▸ **Your goal**: Your answer must consist solely of the lines from the one containing "Bernardo Orange Leather Jacket - image 2" through the last line of the records below, reproduced exactly, with all pictures omitted.

Image-caption web data:
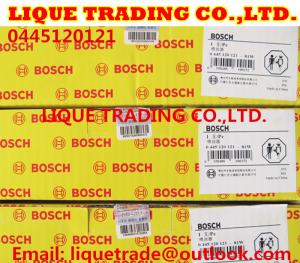 China BOSCH 0 445 120 121 Genuine Common rail injector 0445120121 / 4940640 for Cummins ISLE engine factory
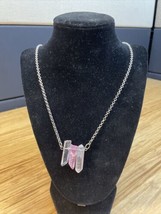 NEW Geek Freak Boutique 3 Crystal Pendant Silver Tone Necklace  KG JD - £11.76 GBP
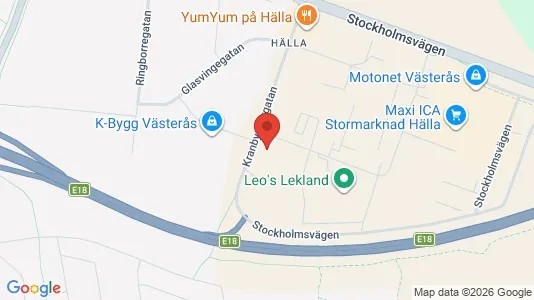 Gewerbeflächen zur Miete i Västerås – Foto von Google Street View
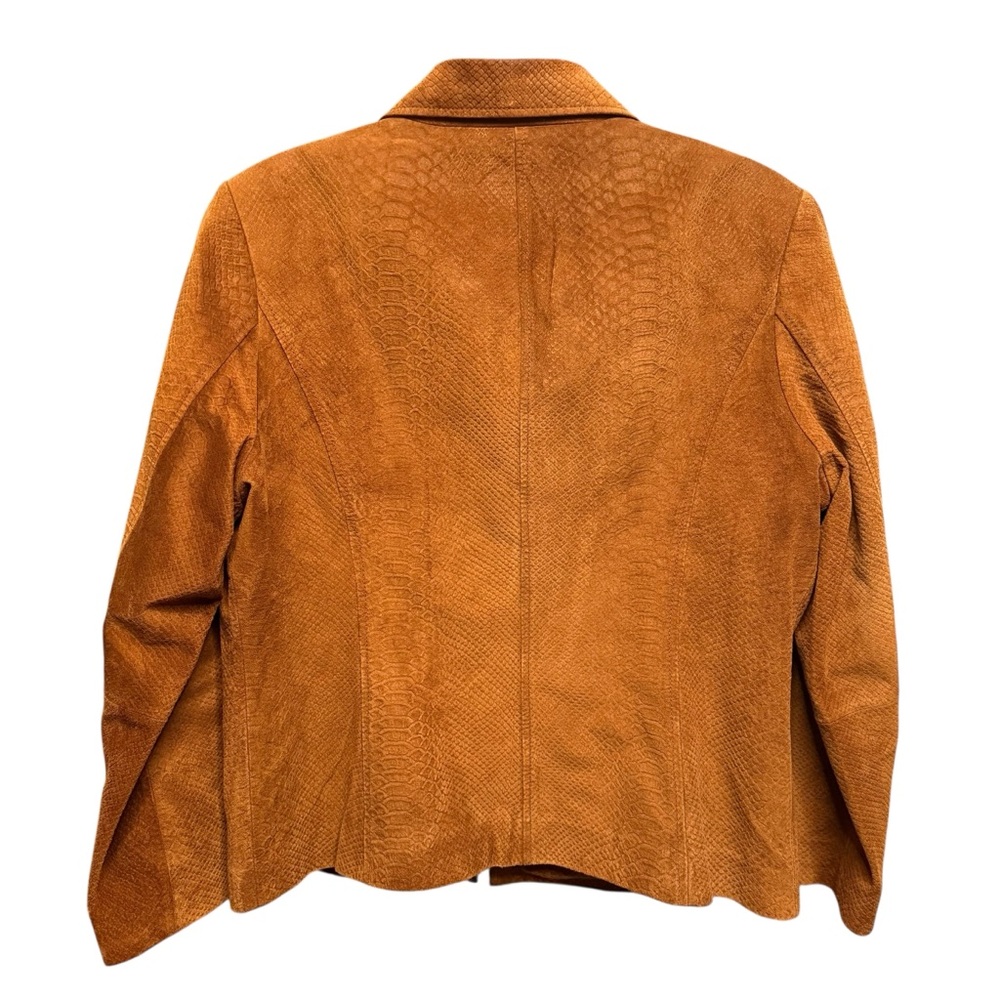 Bernardo Orange Leather Jacket - image 2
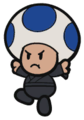 Blue recolor of a ninja Toad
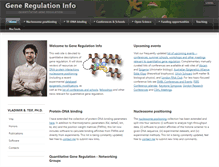 Tablet Screenshot of generegulation.info
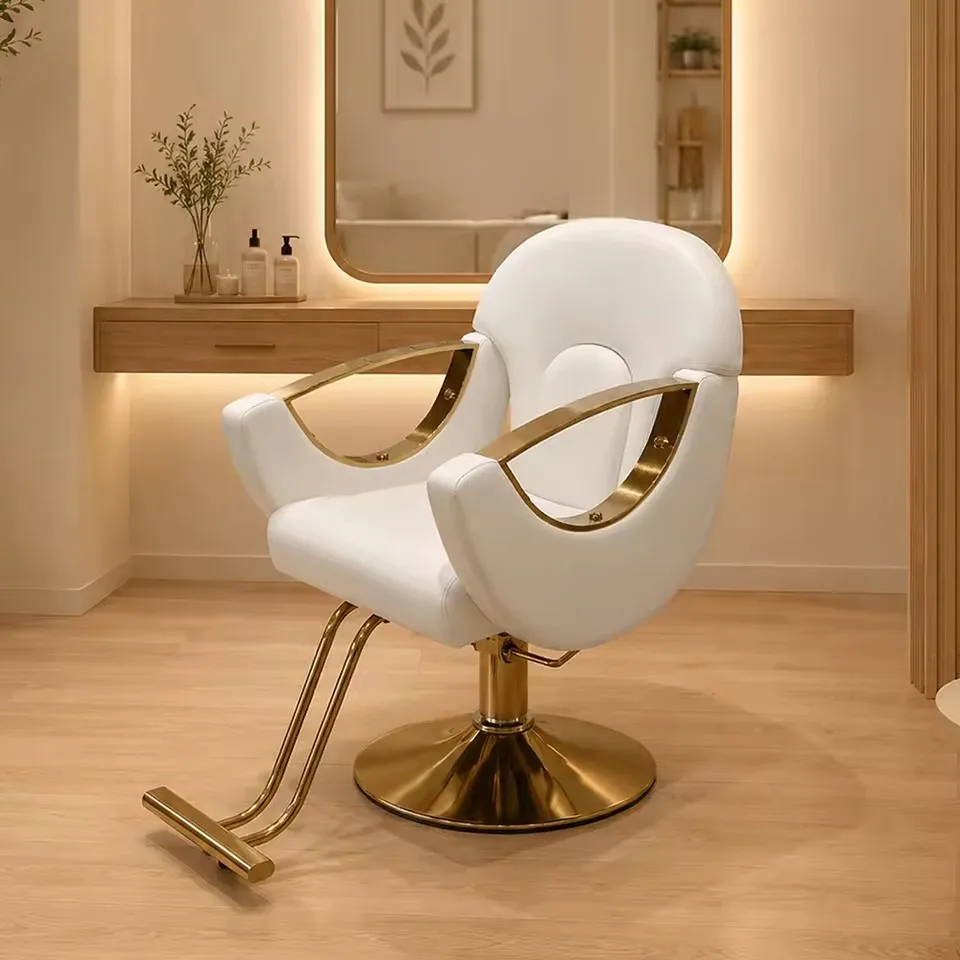 New Salon Furniture Barber Chairs Commercial Furniture Equipment for Barber Shops 360 Degree Rotating Barber Chair Furniture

▸ **Final answer**:
 Bernardo Orange Leather Jacket - image 2
 Blue recolor of a ninja Toad
 Tablet Screenshot of generegulation.info
 New Salon Furniture Barber Chairs Commercial Furniture Equipment for Barber Shops 360 Degree Rotating Barber Chair Furniture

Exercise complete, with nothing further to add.